EXERCISE DESCRIPTION
Your answer should be every line with the word "view", copied from the data below.

DATASET
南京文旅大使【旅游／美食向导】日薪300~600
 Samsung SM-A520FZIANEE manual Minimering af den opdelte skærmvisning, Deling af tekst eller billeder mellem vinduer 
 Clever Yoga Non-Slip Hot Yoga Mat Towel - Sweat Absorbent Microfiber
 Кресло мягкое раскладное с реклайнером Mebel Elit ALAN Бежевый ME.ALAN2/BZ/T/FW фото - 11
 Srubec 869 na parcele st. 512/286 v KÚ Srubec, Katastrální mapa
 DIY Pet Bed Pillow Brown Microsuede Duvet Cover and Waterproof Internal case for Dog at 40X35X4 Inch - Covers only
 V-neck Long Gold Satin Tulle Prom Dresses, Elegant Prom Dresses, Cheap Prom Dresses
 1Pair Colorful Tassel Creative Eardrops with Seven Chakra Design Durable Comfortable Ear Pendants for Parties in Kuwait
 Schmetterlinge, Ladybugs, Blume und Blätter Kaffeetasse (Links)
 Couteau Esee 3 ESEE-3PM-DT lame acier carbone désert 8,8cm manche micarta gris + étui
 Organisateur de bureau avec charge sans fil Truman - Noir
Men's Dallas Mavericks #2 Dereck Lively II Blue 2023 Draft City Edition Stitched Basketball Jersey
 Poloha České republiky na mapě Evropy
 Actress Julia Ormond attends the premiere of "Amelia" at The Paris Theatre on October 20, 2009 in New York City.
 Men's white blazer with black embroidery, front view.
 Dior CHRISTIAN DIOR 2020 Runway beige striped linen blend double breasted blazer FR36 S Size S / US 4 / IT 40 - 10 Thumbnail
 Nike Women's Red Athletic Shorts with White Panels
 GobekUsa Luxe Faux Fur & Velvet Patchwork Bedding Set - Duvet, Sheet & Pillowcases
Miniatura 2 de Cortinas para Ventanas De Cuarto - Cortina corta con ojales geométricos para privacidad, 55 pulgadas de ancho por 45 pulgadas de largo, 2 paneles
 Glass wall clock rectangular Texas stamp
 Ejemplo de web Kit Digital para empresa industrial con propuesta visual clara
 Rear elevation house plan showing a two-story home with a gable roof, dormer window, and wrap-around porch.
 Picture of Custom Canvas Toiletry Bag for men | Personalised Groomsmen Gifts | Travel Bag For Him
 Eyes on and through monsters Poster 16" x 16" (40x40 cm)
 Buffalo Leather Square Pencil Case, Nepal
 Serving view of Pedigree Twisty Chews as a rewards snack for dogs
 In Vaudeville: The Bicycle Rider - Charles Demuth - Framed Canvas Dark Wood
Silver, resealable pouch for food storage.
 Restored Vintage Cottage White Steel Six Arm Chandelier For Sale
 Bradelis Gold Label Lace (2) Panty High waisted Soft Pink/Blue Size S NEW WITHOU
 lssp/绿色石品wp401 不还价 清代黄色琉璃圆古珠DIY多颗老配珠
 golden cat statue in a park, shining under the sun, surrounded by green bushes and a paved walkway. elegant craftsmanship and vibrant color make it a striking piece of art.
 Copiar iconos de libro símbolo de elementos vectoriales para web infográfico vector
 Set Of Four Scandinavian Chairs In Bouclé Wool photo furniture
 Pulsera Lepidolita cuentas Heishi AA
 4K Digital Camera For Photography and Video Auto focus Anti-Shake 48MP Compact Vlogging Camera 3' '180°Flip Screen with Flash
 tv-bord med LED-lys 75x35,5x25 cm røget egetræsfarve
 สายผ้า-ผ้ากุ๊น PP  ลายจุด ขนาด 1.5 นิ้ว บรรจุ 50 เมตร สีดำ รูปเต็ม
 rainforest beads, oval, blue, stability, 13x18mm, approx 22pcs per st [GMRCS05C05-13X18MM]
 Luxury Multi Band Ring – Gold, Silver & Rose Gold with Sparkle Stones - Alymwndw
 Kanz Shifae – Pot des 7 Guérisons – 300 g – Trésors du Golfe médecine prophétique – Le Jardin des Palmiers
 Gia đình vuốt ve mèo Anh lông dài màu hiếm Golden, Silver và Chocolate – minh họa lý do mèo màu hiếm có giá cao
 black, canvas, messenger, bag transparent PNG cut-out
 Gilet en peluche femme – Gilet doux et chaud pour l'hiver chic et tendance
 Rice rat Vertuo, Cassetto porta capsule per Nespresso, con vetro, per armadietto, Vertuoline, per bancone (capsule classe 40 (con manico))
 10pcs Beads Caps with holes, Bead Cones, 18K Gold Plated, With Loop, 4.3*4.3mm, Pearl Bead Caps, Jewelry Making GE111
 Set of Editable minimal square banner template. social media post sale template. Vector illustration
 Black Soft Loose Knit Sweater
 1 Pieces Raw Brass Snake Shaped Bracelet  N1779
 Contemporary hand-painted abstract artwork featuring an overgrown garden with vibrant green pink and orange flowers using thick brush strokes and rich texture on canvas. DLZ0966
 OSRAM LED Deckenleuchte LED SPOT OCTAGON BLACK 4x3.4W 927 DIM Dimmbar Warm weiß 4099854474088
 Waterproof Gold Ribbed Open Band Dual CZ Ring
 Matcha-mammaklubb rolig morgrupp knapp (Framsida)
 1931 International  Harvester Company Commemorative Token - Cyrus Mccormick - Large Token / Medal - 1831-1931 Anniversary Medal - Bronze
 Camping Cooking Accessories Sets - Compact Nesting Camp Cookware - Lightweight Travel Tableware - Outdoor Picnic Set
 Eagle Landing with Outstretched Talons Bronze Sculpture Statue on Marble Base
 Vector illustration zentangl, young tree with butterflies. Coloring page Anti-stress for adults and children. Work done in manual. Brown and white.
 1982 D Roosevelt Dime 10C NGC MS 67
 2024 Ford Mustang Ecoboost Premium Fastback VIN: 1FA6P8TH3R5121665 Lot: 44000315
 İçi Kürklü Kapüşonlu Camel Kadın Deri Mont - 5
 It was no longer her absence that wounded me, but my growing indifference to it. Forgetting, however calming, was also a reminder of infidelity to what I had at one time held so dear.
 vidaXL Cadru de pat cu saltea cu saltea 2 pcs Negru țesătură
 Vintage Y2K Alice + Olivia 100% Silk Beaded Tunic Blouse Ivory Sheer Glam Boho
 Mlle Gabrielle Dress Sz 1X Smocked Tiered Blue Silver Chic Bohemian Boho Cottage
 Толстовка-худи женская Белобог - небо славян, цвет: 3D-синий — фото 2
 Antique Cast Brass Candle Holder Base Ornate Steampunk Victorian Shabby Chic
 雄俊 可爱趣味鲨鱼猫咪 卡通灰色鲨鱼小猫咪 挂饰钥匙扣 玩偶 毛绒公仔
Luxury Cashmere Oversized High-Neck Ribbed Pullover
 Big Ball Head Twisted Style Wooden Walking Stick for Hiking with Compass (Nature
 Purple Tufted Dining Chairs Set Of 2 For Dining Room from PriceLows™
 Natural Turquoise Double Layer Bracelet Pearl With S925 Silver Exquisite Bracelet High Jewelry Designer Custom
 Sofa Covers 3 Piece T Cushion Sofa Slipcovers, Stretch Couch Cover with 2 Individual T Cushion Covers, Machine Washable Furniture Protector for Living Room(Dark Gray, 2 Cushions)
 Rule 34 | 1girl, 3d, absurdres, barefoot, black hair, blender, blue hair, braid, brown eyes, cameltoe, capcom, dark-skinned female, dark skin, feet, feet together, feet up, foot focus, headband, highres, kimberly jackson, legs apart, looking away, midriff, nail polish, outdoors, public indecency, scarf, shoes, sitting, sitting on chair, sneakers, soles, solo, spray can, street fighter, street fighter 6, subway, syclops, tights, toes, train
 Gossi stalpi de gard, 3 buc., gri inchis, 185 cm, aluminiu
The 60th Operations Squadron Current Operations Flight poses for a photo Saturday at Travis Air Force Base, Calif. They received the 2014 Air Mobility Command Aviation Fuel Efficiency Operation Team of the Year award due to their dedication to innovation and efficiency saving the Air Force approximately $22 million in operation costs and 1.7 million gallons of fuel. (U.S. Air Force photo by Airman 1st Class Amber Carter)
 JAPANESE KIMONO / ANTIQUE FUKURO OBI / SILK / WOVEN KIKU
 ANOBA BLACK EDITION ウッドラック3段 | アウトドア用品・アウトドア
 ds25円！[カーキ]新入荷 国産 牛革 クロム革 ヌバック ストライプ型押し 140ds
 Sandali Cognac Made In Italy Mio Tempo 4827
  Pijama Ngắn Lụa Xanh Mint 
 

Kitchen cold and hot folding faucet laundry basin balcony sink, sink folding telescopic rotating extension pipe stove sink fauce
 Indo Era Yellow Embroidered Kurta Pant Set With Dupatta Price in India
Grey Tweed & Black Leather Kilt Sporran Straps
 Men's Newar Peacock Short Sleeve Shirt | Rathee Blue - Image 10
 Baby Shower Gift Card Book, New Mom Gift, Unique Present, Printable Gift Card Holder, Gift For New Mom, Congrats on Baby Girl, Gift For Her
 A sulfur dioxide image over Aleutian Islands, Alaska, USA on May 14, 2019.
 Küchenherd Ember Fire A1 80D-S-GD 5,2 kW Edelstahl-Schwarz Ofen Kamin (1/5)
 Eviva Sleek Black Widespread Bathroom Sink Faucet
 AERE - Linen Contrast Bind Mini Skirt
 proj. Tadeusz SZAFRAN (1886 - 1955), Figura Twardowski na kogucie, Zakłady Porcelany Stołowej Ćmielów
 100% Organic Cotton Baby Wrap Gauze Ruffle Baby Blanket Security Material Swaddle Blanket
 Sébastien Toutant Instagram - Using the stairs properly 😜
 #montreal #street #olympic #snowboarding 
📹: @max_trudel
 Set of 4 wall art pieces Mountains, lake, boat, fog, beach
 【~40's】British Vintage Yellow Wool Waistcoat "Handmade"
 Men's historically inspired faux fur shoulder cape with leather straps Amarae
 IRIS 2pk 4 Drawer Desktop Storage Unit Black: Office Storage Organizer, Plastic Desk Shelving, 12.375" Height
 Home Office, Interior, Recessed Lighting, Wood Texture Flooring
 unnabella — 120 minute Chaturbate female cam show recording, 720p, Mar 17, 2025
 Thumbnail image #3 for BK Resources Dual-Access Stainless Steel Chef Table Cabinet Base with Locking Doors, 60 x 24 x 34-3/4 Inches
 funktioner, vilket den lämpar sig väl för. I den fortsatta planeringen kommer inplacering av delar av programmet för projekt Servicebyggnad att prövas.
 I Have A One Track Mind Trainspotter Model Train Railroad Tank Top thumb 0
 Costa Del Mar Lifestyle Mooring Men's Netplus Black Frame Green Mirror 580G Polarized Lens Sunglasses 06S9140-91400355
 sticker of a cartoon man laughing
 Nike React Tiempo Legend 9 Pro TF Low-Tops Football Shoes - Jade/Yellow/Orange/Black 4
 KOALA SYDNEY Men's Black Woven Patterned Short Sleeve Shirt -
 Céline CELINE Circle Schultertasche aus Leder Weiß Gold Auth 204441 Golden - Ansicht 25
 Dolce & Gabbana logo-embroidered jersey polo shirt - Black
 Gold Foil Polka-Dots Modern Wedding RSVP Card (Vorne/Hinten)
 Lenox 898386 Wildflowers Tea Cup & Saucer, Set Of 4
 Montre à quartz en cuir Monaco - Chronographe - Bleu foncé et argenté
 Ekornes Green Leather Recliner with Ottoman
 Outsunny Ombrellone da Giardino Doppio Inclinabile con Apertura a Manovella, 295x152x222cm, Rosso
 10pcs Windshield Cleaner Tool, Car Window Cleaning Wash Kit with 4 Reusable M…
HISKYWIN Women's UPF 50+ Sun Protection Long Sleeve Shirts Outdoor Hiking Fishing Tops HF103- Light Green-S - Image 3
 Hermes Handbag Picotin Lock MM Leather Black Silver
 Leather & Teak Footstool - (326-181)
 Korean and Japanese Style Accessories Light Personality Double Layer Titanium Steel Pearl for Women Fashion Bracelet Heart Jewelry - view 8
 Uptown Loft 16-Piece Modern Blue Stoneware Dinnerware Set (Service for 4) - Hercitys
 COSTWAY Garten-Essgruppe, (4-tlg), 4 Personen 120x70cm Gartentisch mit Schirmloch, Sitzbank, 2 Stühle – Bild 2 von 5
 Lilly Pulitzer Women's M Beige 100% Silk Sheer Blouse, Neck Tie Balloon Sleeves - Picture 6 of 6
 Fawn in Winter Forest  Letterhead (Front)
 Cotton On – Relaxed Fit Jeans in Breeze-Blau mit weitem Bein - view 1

OUTPUT BELOW
 Men's white blazer with black embroidery, front view.
 Serving view of Pedigree Twisty Chews as a rewards snack for dogs
 Korean and Japanese Style Accessories Light Personality Double Layer Titanium Steel Pearl for Women Fashion Bracelet Heart Jewelry - view 8
 Cotton On – Relaxed Fit Jeans in Breeze-Blau mit weitem Bein - view 1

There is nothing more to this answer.